Stars form by the gravitational collapse of interstellar gas .
The thermodynamic response of the gas can be characterized by an effective equation of state .
It determines how gas heats up or cools as it gets compressed , and hence plays a key role in regulating the process of stellar birth on virtually all scales , ranging from individual star clusters up to the galaxy as a whole .
We present a systematic study of the impact of thermodynamics on gravitational collapse in the context of high-redshift star formation , but argue that our findings are also relevant for present-day star formation in molecular clouds .

We consider a polytropic equation of state , P = k \rho ^ { \Gamma } , with both sub-isothermal exponents \Gamma < 1 and super-isothermal exponents \Gamma > 1 .

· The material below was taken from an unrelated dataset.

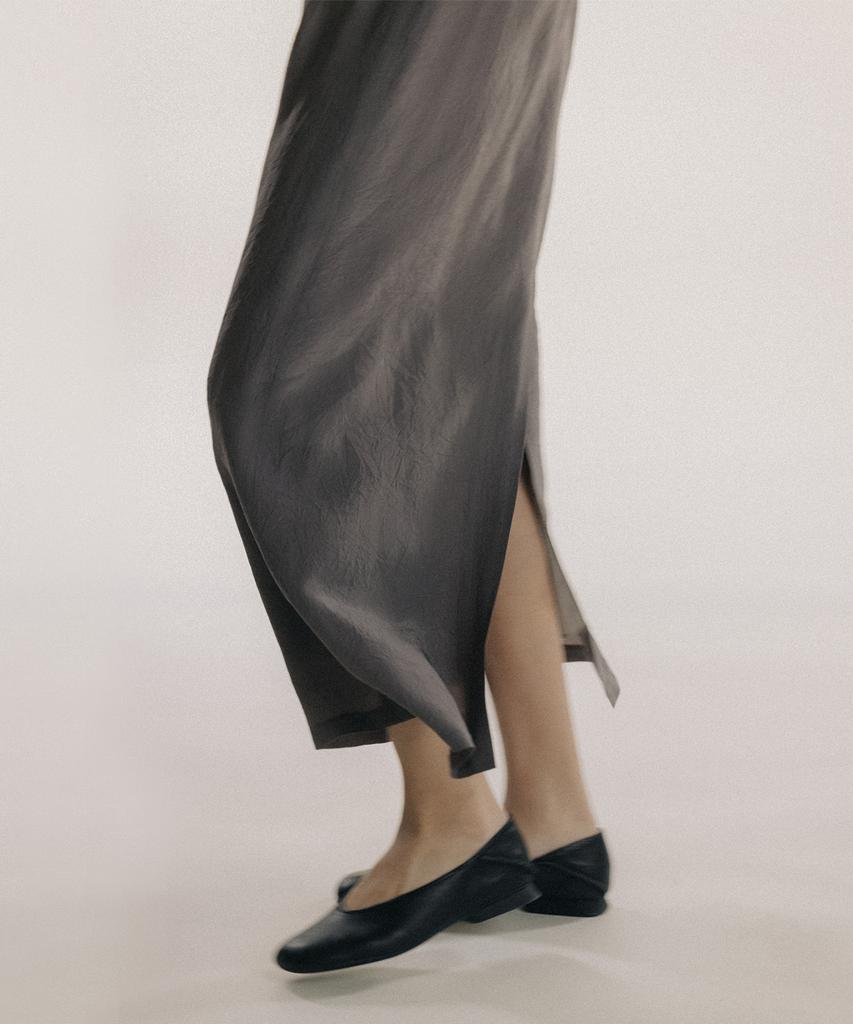 Beullaengkeulumumeon Wrinkle H Skirt_Mauve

We find significant differences between these two cases .
For \Gamma > 1 , pressure gradients slow down the contraction and lead to the formation of a virialized , turbulent core .
Weak magnetic fields are strongly tangled and efficiently amplified via the small-scale turbulent dynamo on timescales corresponding to the eddy-turnover time at the viscous scale .
For \Gamma < 1 , on the other hand , pressure support is not sufficient for the formation of such a core .
Gravitational contraction proceeds much more rapidly and the flow develops very strong shocks , creating a network of intersecting sheets and extended filaments .
The resulting magnetic field lines are very coherent and exhibit a considerable degree of order .
Nevertheless , even under these conditions we still find exponential growth of the magnetic energy density in the kinematic regime .